Second act: The chart above, which came from a recent report from the Massachusetts Health Policy Commission. In Massachusetts, hospital revenue and costs have increased full steam ahead over the past decade. But in the neighboring state of Rhode Island, which instituted hospital price controls in 2010, hospital revenue increased a lot more slowly — and so did hospital costs. “Providers are able to achieve slower cost growth if they must, in response to financial or regulatory pressure,” the report said.
Medicare’s innovation center = money pit?
The Affordable Care Act created a new federal apparatus to test and design health care models that improve quality, and at the very least not increase spending. The Congressional Budget Office now believes the government has failed on the spending goal, my colleague John Wilkerson reports.
A new CBO report found the Center for Medicare & Medicaid Innovation increased federal spending by more than $5 billion over the first decade of its existence and won’t save any money in the next decade, either. The CBO originally forecast CMMI would decrease federal spending by almost $3 billion in the first 10 years and by $78 billion in the next 10 years. (Worth noting the CBO’s analysis did not include the government’s main “accountable care organization” program because that program is a permanent part of Medicare and not a CMMI model, although ACOs have only led to modest savings, at best.)
So what gives?
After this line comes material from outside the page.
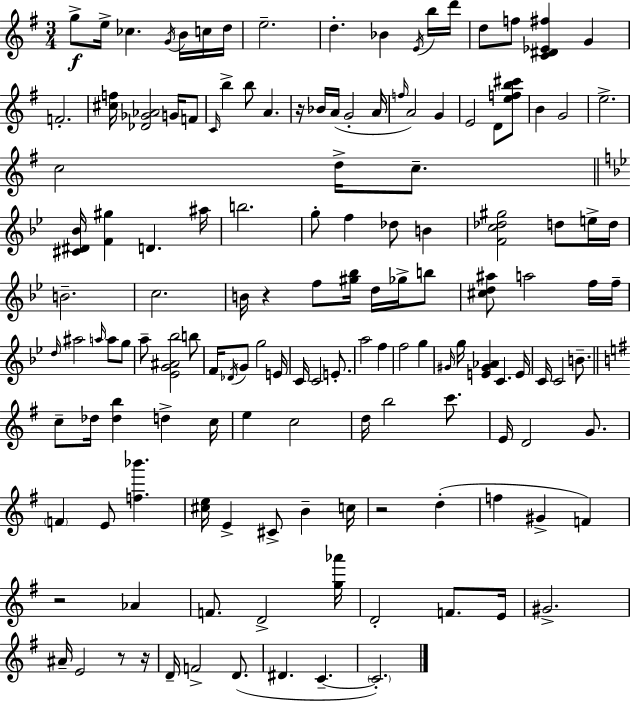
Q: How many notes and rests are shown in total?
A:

CMMI’s care experiments have always been limited in nature — some, like a highly regarded diabetes prevention program, have enrolled hardly anybody, and others relied on voluntary participation from providers. Other more aggressive models that would have saved Medicare a lot of money hit the grave due to vehement industry opposition. And a lot of the experiments, like ACOs, really haven’t caught on among employers and commercial insurers.
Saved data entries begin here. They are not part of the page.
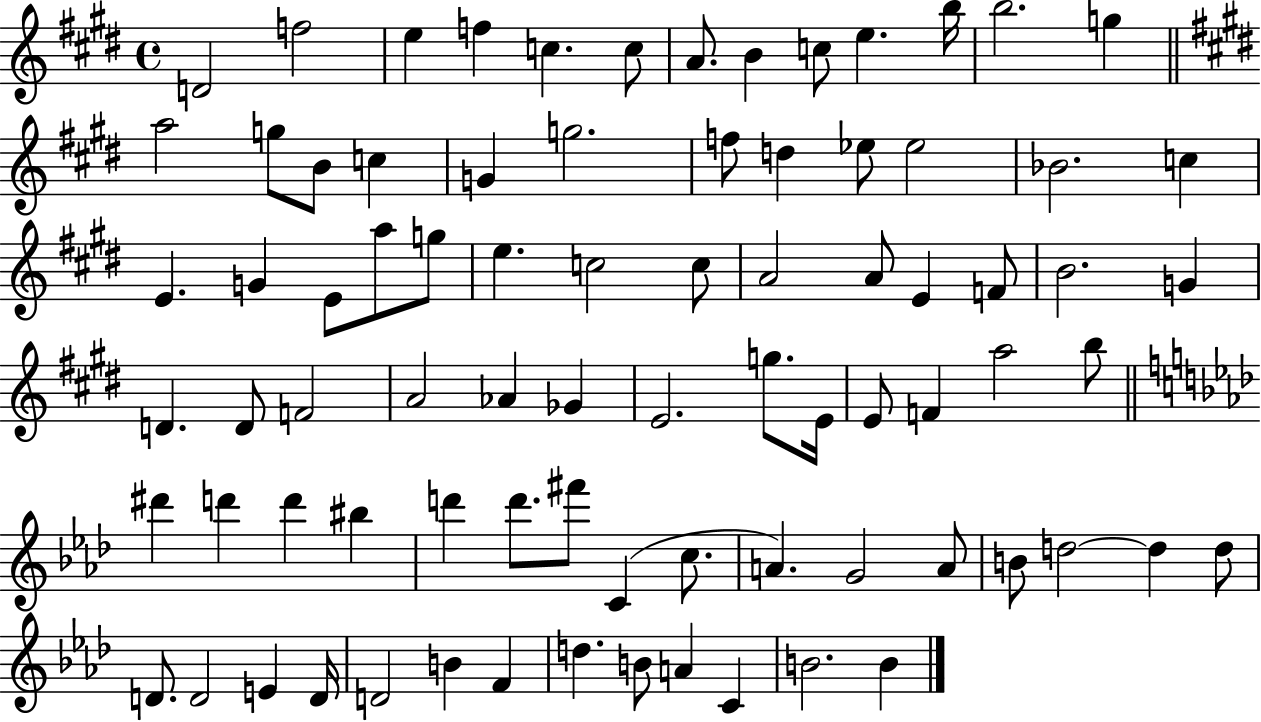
{
  \clef treble
  \time 4/4
  \defaultTimeSignature
  \key e \major
  d'2 f''2 | e''4 f''4 c''4. c''8 | a'8. b'4 c''8 e''4. b''16 | b''2. g''4 | \break \bar "||" \break \key e \major a''2 g''8 b'8 c''4 | g'4 g''2. | f''8 d''4 ees''8 ees''2 | bes'2. c''4 | \break e'4. g'4 e'8 a''8 g''8 | e''4. c''2 c''8 | a'2 a'8 e'4 f'8 | b'2. g'4 | \break d'4. d'8 f'2 | a'2 aes'4 ges'4 | e'2. g''8. e'16 | e'8 f'4 a''2 b''8 | \break \bar "||" \break \key aes \major dis'''4 d'''4 d'''4 bis''4 | d'''4 d'''8. fis'''8 c'4( c''8. | a'4.) g'2 a'8 | b'8 d''2~~ d''4 d''8 | \break d'8. d'2 e'4 d'16 | d'2 b'4 f'4 | d''4. b'8 a'4 c'4 | b'2. b'4 | \break \bar "|."
}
Penultimate item: Industry odds and ends
- Mass General Brigham CEO Anne Klibanski finally spoke out on the cancer care split initiated by Dana-Farber. My colleague Allison DeAngelis has the string.
- Elevance is pulling back on its acquisition of Blue Cross Blue Shield of Louisiana. In case you hadn’t noticed, these types of big Blues acquisitions don’t happen a lot anymore. Newsletter pal Tara Bannow laid it all out.
- Two big health systems made the front pages last year for how they used the 340B drug discount program: Cleveland Clinic (spotlighted by the Wall Street Journal) and Bon Secours Mercy Health (probed by the New York Times). Now, the top-ranking Republican on the Senate health committee is investigating those systems, my colleague John Wilkerson reports.
- A federal court handed a loss to the Federal Trade Commission, saying that hospitals in Louisiana could move forward with their transaction because Louisiana’s “certificate of public advantage” exempts them from having to fill out federal merger paperwork. Read the decision and our previous coverage.
- Humana acquired Cano Health’s medical clinics in Nevada and Texas, a deal that will further expand Humana’s foray into owning providers and will provide some essential cash to Cano, a company that has been toeing the line of insolvency.
- A new investigation from ProPublica and the Pittsburgh Post-Gazette found “Philips suppressed mounting evidence that its profitable breathing machines threatened the health of the people relying on them.” Brittany wrote last year how the Philips debacle underscores the deep flaws of medical device oversight.
- The federal committee that is studying ground ambulance surprise billing will meet and officially offer recommendations Oct. 31 and Nov. 1.